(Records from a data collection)
-*-

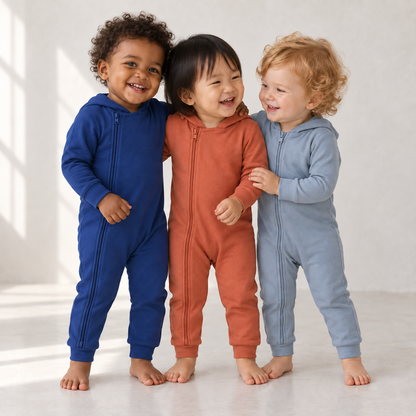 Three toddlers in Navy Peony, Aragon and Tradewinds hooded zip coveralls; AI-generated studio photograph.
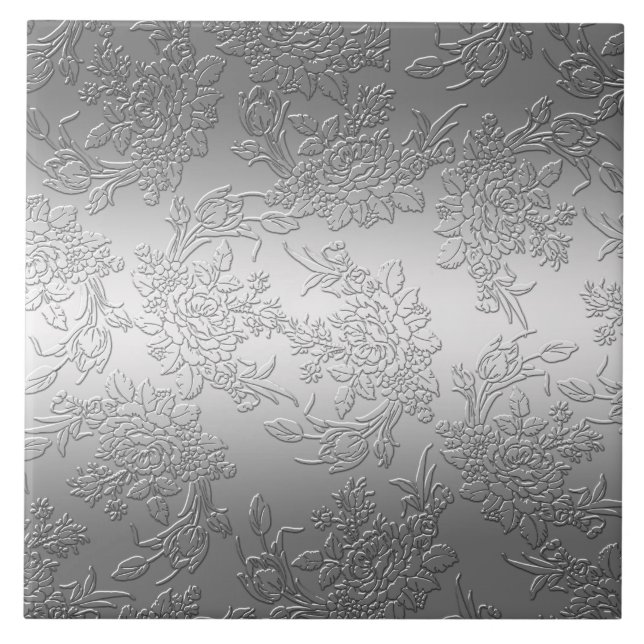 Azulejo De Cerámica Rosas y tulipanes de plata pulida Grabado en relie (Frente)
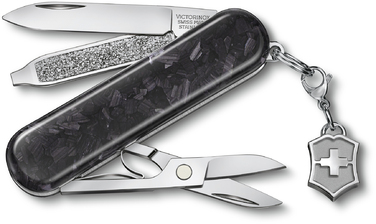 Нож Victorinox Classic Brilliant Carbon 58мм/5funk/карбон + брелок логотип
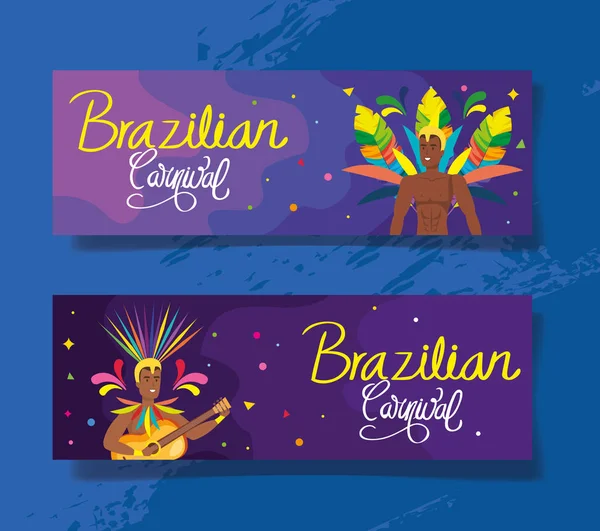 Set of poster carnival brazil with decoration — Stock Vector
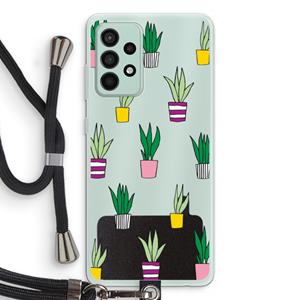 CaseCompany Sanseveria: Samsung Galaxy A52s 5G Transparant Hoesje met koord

-*-

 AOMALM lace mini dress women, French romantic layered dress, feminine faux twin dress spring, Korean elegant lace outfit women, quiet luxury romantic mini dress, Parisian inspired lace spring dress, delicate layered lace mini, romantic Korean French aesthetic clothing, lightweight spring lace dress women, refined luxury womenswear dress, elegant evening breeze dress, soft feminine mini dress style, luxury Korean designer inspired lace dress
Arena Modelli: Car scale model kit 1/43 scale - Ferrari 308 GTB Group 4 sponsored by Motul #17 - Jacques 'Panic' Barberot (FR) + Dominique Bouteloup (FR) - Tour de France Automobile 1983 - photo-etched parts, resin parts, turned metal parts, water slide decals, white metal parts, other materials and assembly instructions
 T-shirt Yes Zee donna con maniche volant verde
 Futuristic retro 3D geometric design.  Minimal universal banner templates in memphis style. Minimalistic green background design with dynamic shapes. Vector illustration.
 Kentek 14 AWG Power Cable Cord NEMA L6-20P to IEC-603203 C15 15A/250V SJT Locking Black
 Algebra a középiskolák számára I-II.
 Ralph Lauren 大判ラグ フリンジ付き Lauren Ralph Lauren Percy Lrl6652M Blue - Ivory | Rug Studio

-*-

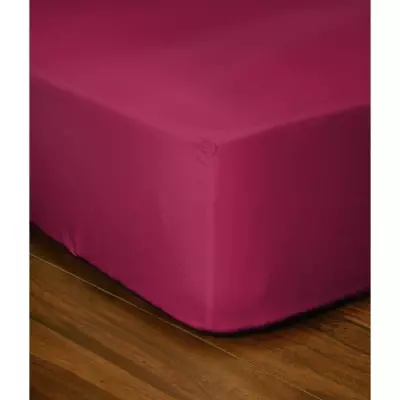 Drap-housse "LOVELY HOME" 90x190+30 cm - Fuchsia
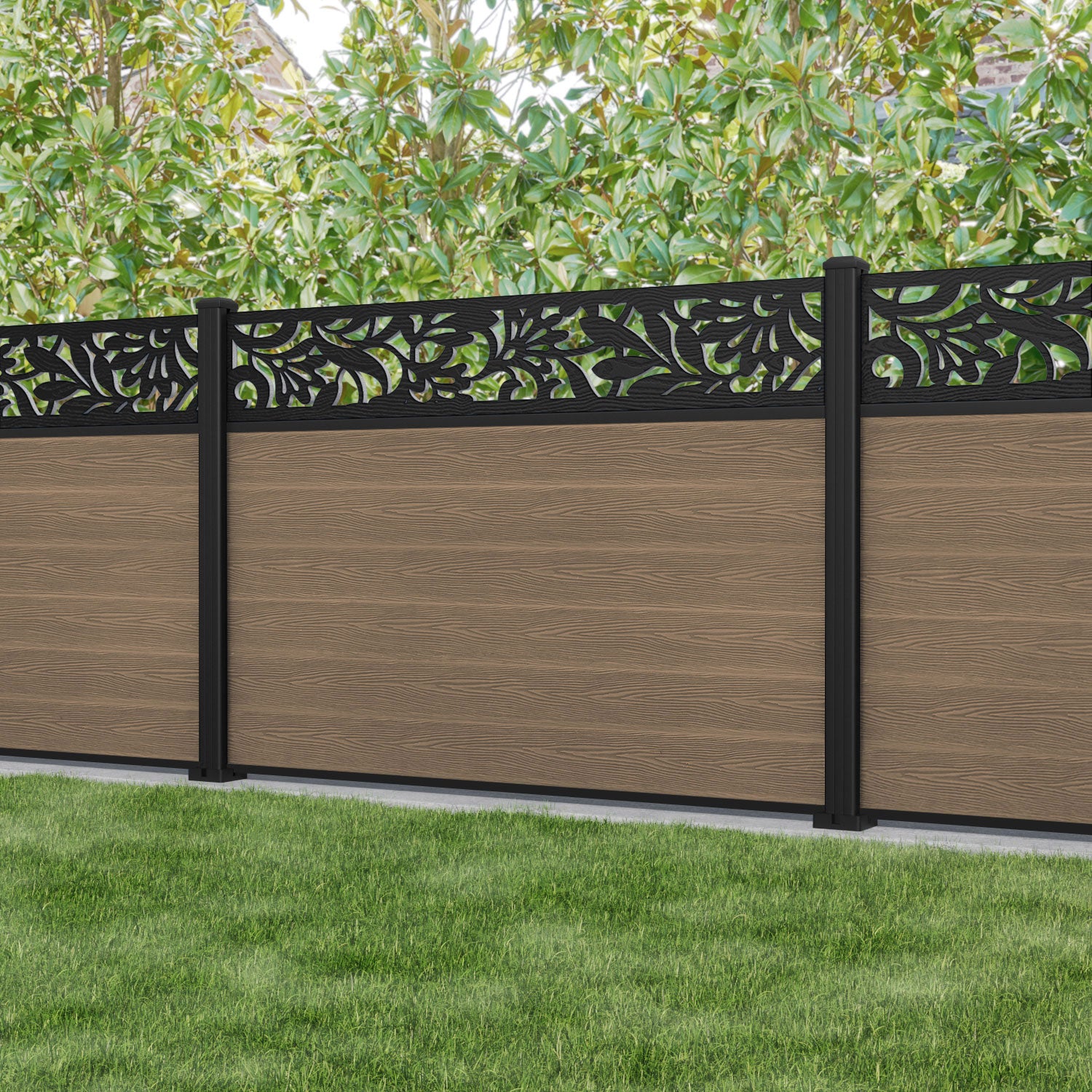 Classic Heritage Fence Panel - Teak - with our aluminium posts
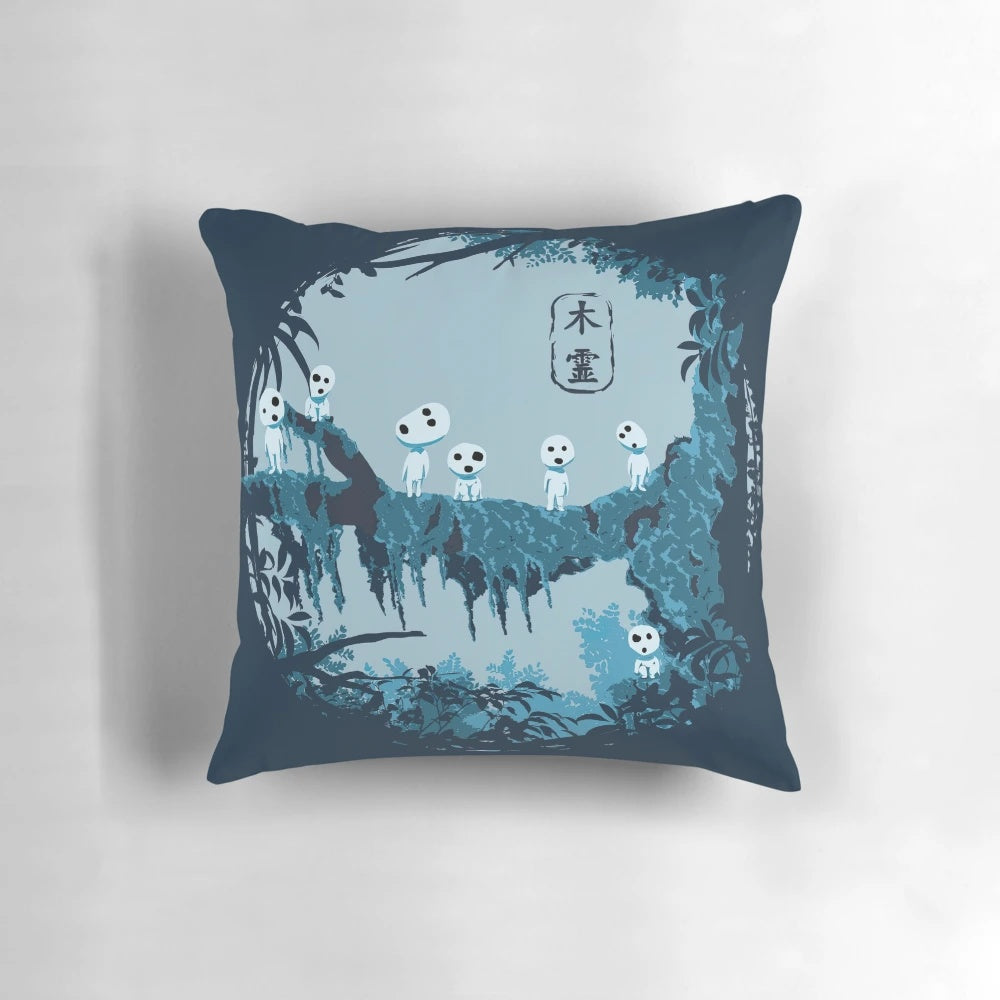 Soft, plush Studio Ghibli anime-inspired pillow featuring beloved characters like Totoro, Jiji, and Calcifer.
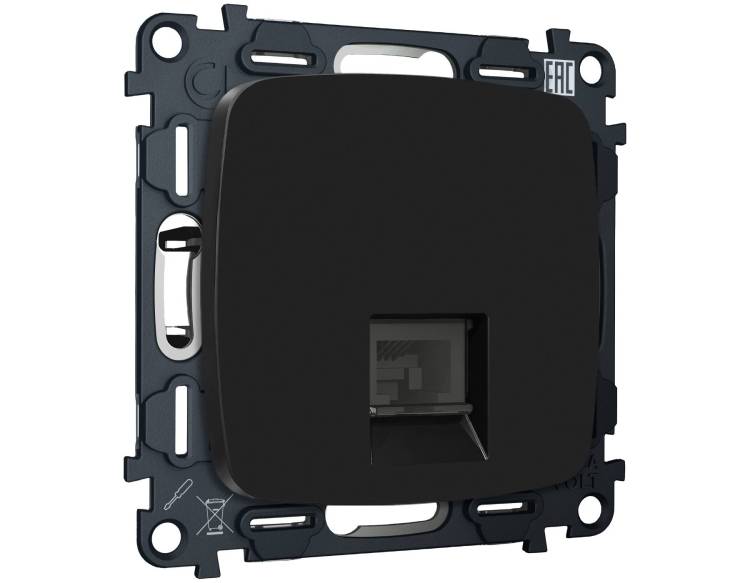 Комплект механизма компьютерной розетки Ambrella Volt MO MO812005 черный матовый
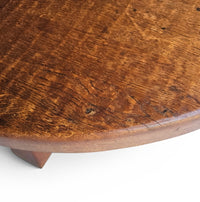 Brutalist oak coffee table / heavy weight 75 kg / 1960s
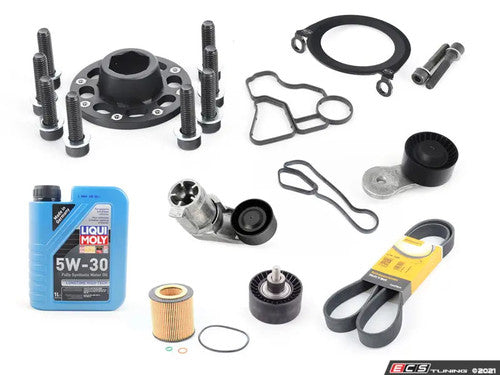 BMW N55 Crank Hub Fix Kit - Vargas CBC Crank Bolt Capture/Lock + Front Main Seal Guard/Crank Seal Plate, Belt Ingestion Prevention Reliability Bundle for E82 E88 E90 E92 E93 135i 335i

-*-

▸ BRIEF
Among the lines of the data, find every one that holds "style" and copy it.

▸ RESPONSE FOR THIS EXERCISE
 AOMALM lace mini dress women, French romantic layered dress, feminine faux twin dress spring, Korean elegant lace outfit women, quiet luxury romantic mini dress, Parisian inspired lace spring dress, delicate layered lace mini, romantic Korean French aesthetic clothing, lightweight spring lace dress women, refined luxury womenswear dress, elegant evening breeze dress, soft feminine mini dress style, luxury Korean designer inspired lace dress
 Futuristic retro 3D geometric design.  Minimal universal banner templates in memphis style. Minimalistic green background design with dynamic shapes. Vector illustration.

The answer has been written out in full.